The Stonewall Riots started the GLBT movement, and it is clearly the time to raise our voices and actions loudly once again.

If all GLBT folks stopped paying taxes, they might be inclined to hear us. The GLBT community must come together and march on the Capitol—United in Pride.

It is a huge sacrifice for GLBT folks to take off work, and gather at the Capitol, but now is the time. If we sit back now, we take a giant step back for equality and inclusiveness.

Who will lead us into battle?

Harry Hartigan


Constitutional Amendment Unnecessary

So, now it’s official. Our holy and sanctimonious state has upheld its morals by passing a bill that would put a constitutional amendment on the ballot that would prevent gays and lesbians from marrying each other. I guess it wasn’t enough that Minnesota law already bans gay marriage in this holier-than-thou state.

So, I guess this means we’ll have to continue to marry people of the opposite sex.

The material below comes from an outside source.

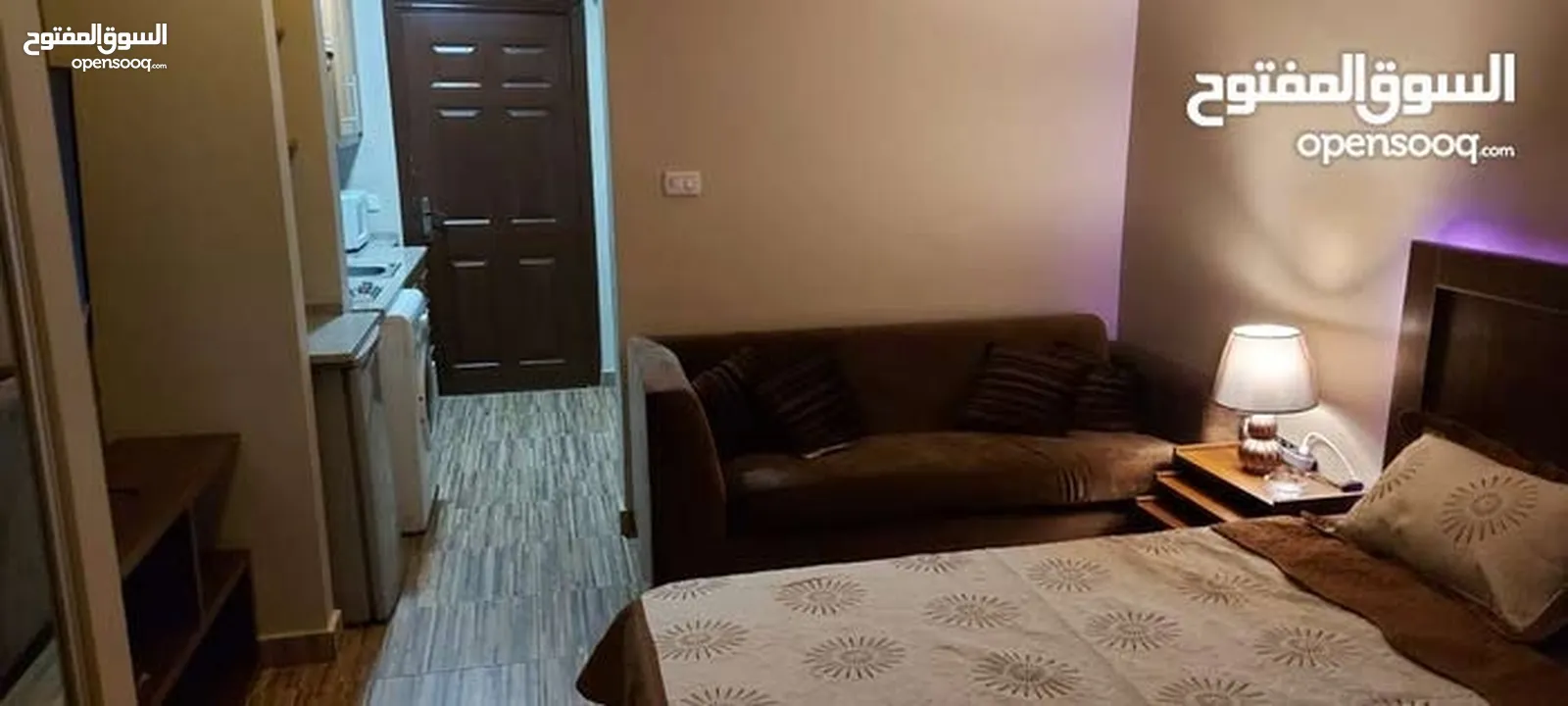 ستوديو مفروش بالكامل للايجار الشهري  Fully furnished studio for monthly rent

This “defense of marriage” is so unnecessary, because, after all, even a constitutional amendment isn’t going to stop interested married men from sleeping with us.

John Medeiros

Letters are subject to editing for grammar, punctuation, space, and libel. They should be no more than 300 words. Letters must include name, address, and phone number. Unsigned letters will not be published. Priority will be given to letters that refer to material previously published in Lavender Magazine. Submit letters to Lavender Magazine, Letters to the Editor, 3715 Chicago Avenue South, Minneapolis, MN 55407; or e-mail editor@lavendermagazine.com.

2 Responses to Letters

  1. Jonathan says:

    I empathize with both letter writers here. I wish I still had the idealist views that I once did when it came to the gay community. Unfortunately, years of watching so many things over and over, combined with seeing so many gay people never learning from their actions, causes me to conclude that most of us aren’t developing the social skills or ability to even date someone long term, much less find anyone to marry. There are some who do, and we remind people of this – that number is very small. We are still a very anonymous community, the gay one, one that has little interest in each other, and one that often rejects, demonizes and insults one another. We haven’t done very well when it came time to respect other gay people, we haven’t been honest in our relationships, and when the relationships do enter a grey area, we run rather than work it out. Someone once said you have to learn how to crawl before you walk. In terms of dating, straight people get the nod form society on having those ‘crawling relationships’ during adolescence that gay people don’t. Many of us never even get a crawling relationships at all…I just feel like so many of us are overconfident that legalizing marriage will fix everything – sure, it’s long overdue, but we have so much to learn when it comes to dating skills and finding someone – why we choose the partners we do, why they don’t seem to work. We need these discussions. Because as time goes on, I see fewer and fewer gay men out and about – everyone’s hiding at home online. We already are lacking in social skills and experience. We absolutely need to be able to feel comfortable around other gay people in order to enjoy marriage someday.

  2. Seriously? You can’t both disrespect and invalidate our relationships and then accuse us of not being able to maintain them. That’s what familial and societal support is all about. If we can’t be allowed to make vows with the full implication of those vows (i.e., how they affect family, and friends, and society), we can’t be accused of not keeping them. It’s just not fair play.